Lines that include the string "online" are the ones to copy from the entries below.

%%

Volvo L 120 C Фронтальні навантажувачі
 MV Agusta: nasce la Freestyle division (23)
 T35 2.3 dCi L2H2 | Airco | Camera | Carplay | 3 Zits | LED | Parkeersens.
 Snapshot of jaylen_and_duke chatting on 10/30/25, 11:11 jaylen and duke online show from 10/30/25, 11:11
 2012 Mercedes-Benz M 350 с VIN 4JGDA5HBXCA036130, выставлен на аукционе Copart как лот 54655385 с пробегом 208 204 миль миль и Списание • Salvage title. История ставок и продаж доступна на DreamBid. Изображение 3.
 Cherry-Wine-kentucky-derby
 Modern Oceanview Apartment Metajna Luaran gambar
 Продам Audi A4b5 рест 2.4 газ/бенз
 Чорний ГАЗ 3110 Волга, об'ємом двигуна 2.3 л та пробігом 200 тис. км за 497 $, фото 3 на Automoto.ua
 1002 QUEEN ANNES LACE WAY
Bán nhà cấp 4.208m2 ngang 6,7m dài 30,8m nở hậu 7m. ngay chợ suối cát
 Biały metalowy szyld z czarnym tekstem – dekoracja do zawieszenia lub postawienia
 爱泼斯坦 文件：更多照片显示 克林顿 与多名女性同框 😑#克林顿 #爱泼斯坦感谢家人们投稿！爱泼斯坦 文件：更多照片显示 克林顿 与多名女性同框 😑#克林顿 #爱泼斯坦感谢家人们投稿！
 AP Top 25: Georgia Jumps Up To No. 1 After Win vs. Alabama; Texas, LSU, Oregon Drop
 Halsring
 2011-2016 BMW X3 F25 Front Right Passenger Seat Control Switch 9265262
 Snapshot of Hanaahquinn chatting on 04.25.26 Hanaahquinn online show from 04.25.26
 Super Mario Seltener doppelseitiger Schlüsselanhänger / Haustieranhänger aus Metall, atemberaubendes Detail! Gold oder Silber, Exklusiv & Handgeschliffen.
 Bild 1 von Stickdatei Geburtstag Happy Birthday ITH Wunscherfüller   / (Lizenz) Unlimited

%%

Written response
 Snapshot of jaylen_and_duke chatting on 10/30/25, 11:11 jaylen and duke online show from 10/30/25, 11:11
 Snapshot of Hanaahquinn chatting on 04.25.26 Hanaahquinn online show from 04.25.26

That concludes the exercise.